- **WHAT YOU NEED TO DO**: Given the entries below, would you transcribe exactly the lines starting at the one with "Genuine BMW 51167013106" and ending at the one with "593 Dean Road, Mansfield, Ohio image 14", both kept, pictures omitted, nothing extra?
[[ DATASET EXCERPTS, beginning ]]
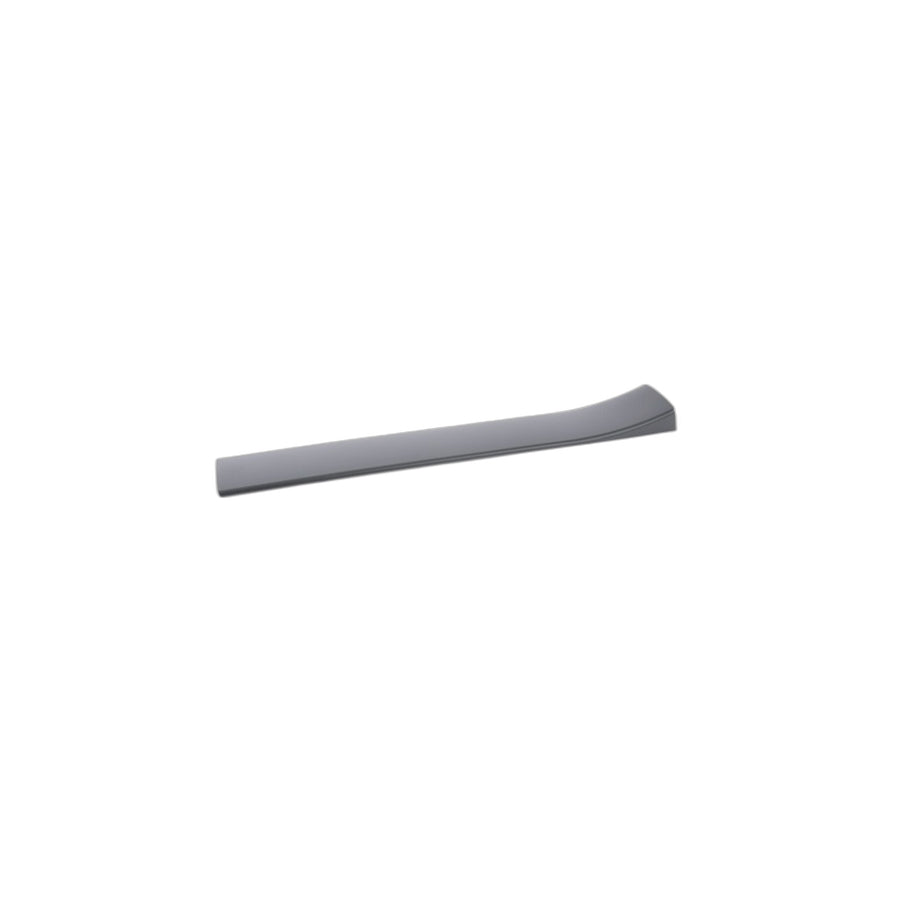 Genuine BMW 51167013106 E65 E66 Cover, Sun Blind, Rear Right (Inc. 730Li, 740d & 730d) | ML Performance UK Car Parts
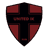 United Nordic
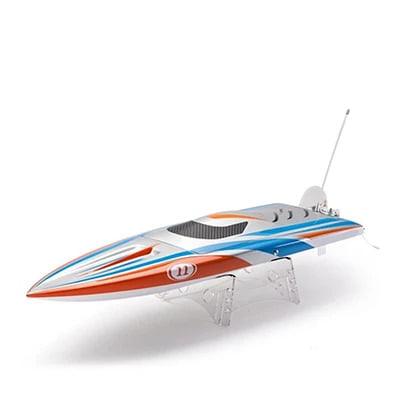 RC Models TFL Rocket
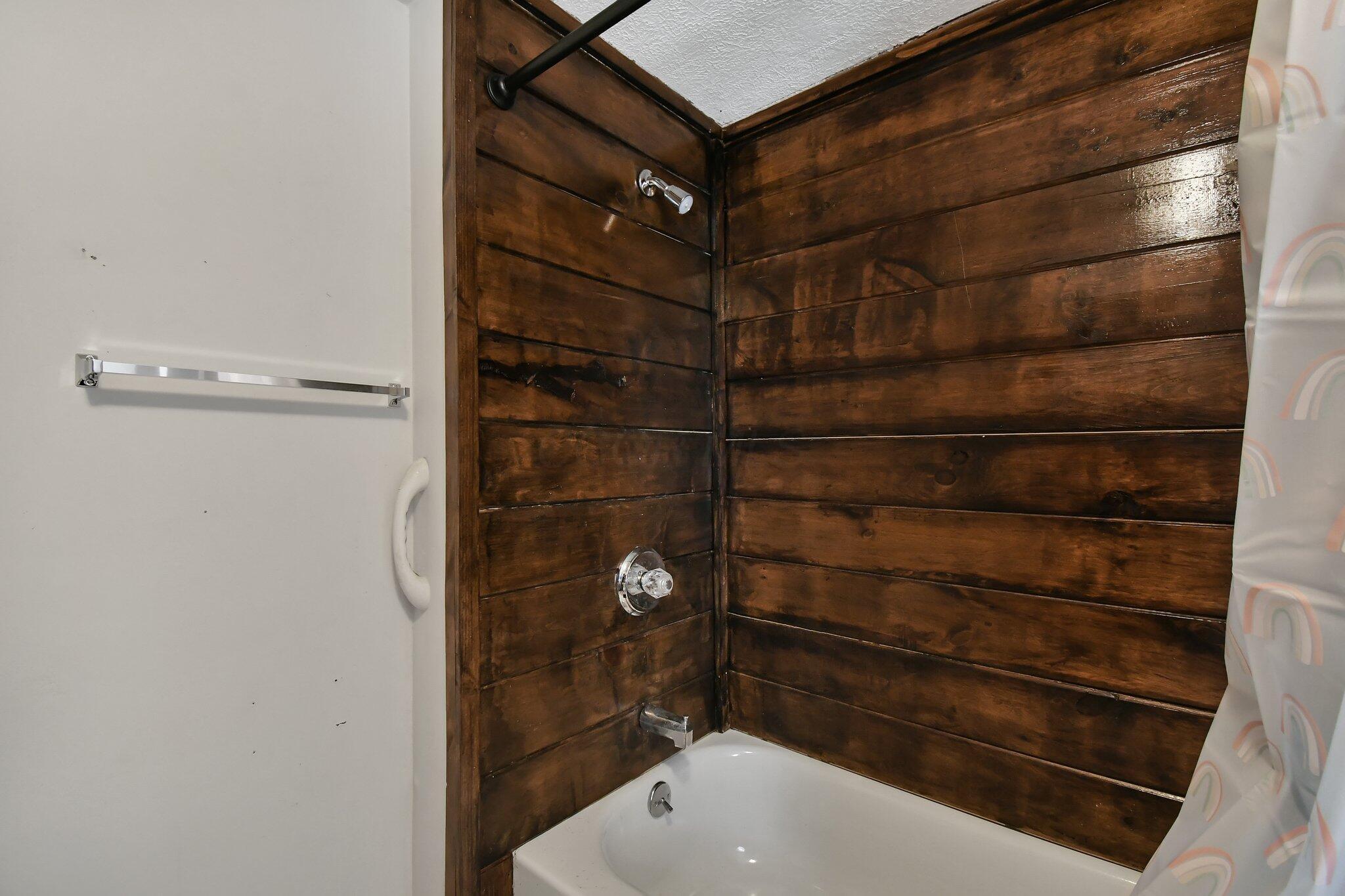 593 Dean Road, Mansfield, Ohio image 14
[[ DATASET EXCERPTS, end ]]
[[ DATASET EXCERPTS, beginning ]]
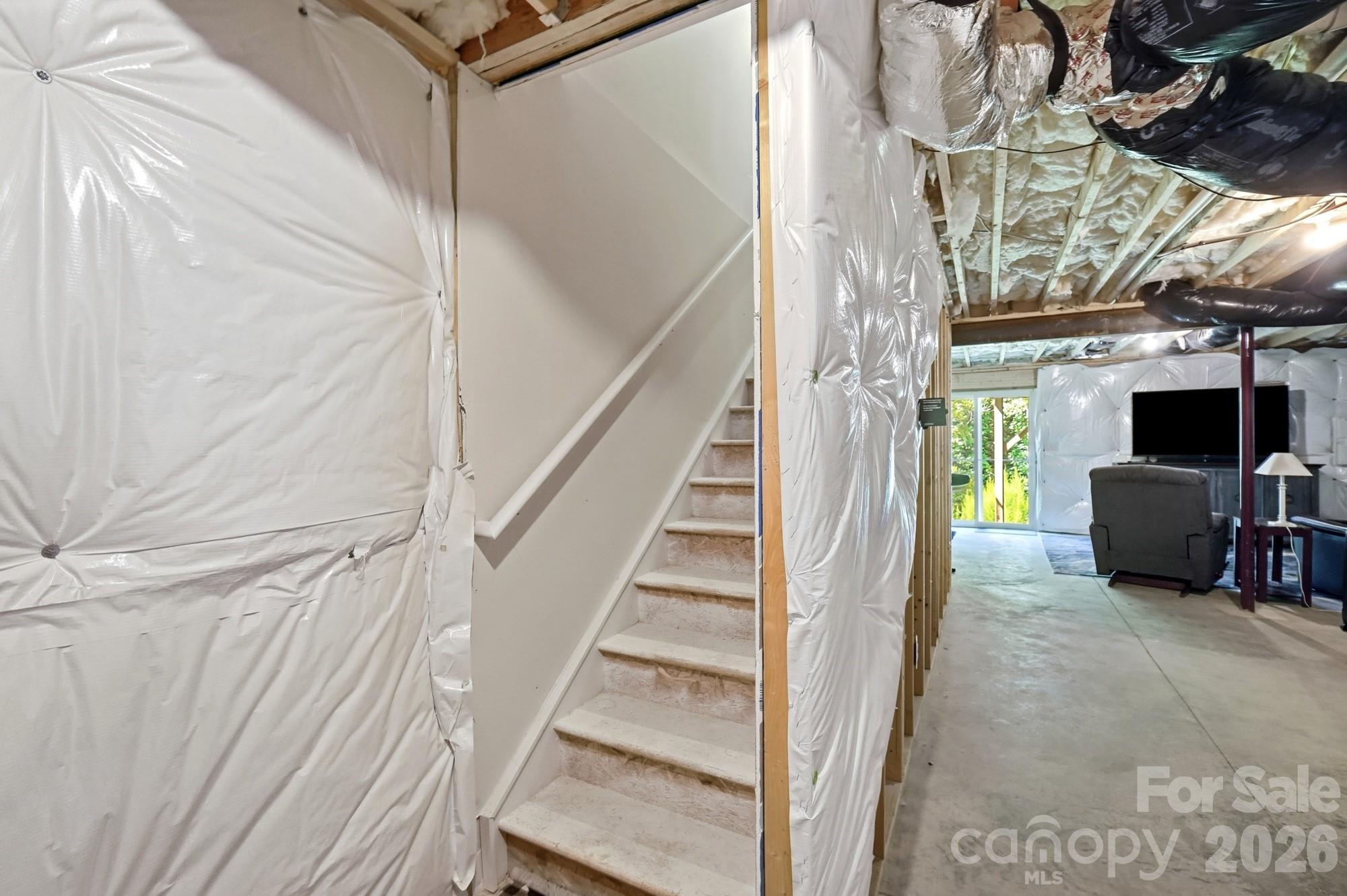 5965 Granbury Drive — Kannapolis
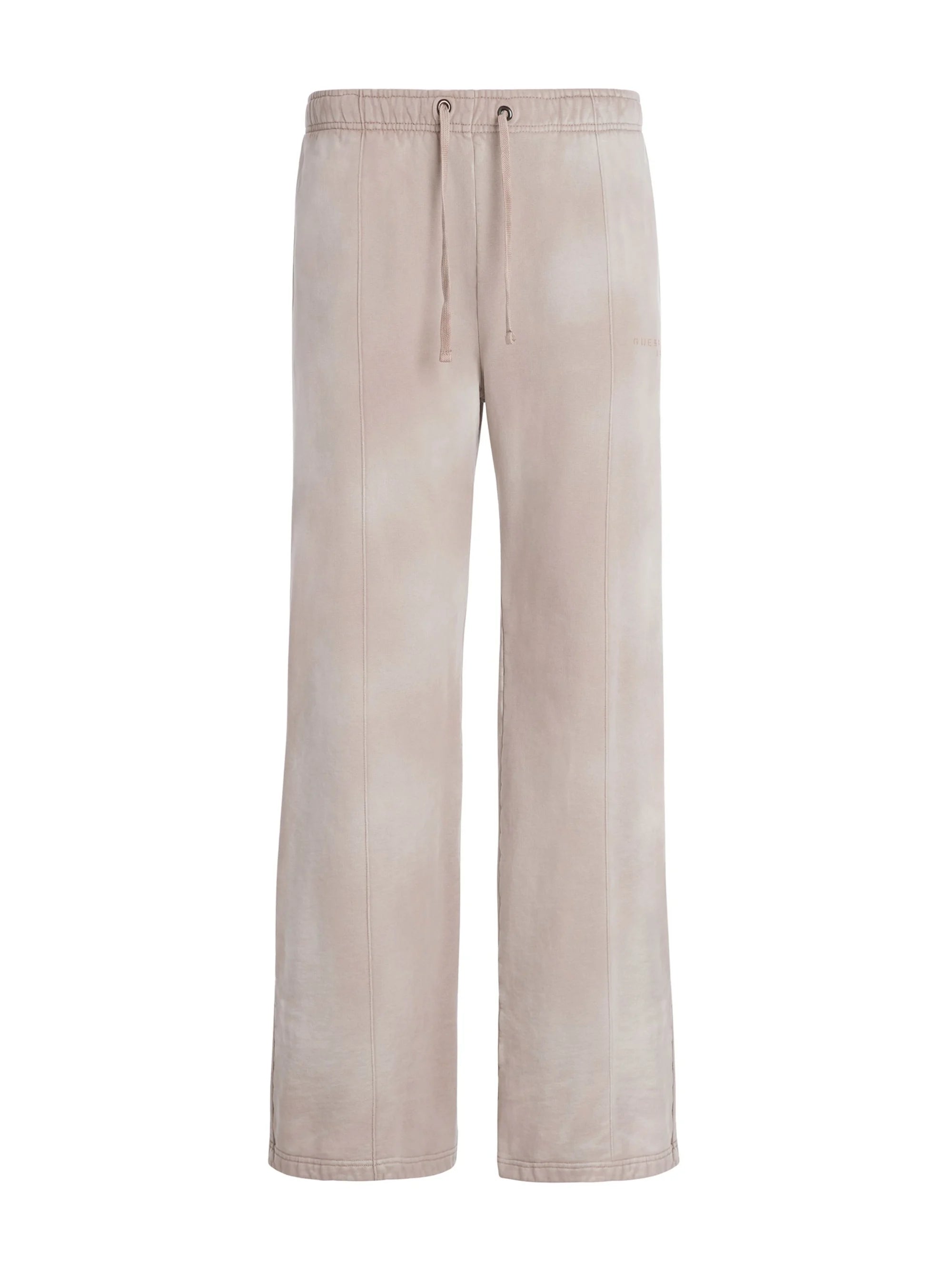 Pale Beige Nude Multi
[[ DATASET EXCERPTS, end ]]
[[ DATASET EXCERPTS, beginning ]]
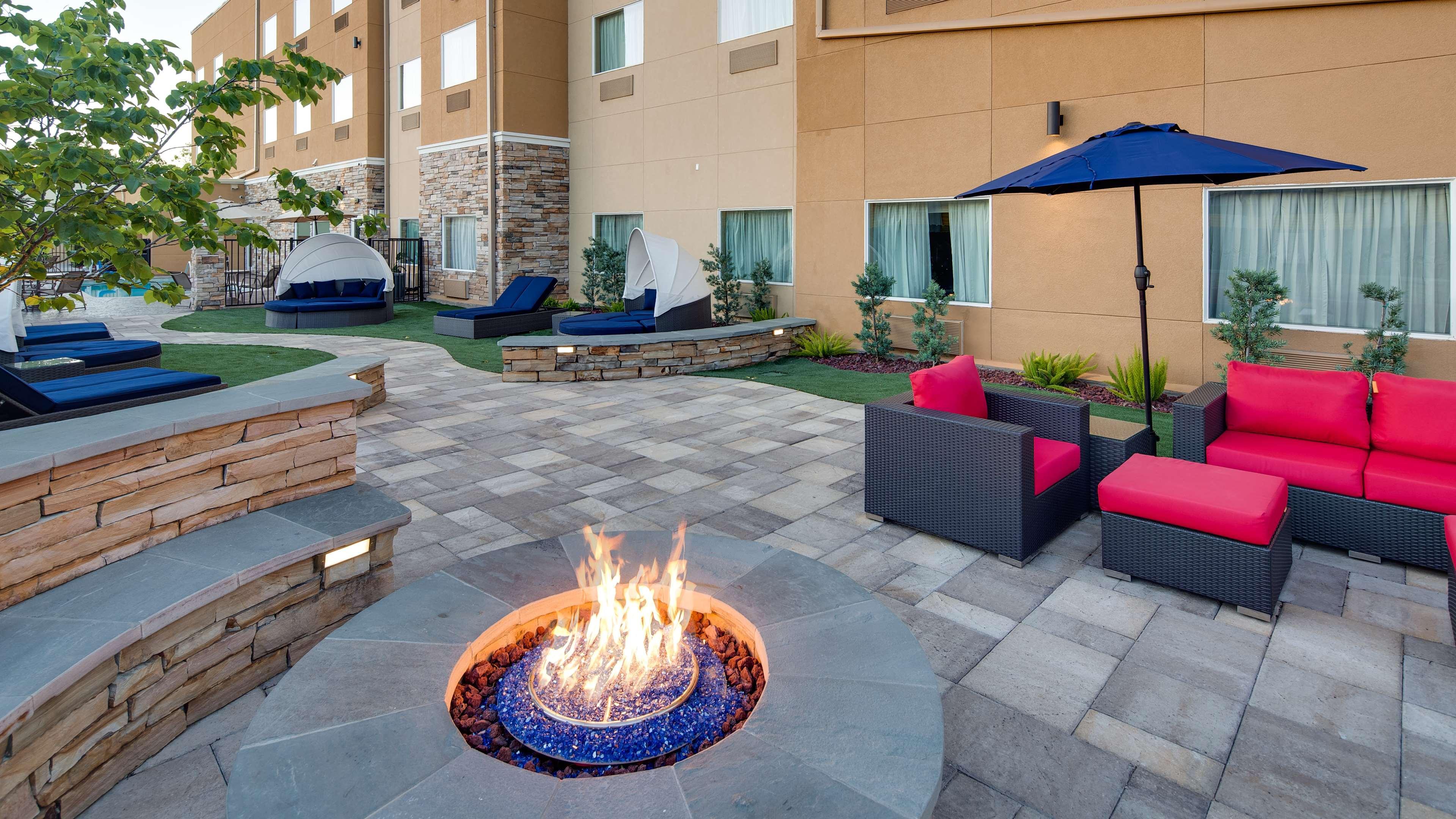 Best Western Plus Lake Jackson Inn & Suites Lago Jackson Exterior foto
[[ DATASET EXCERPTS, end ]]
- **EXERCISE OUTPUT**:
 Genuine BMW 51167013106 E65 E66 Cover, Sun Blind, Rear Right (Inc. 730Li, 740d & 730d) | ML Performance UK Car Parts
 United Nordic
 RC Models TFL Rocket
 593 Dean Road, Mansfield, Ohio image 14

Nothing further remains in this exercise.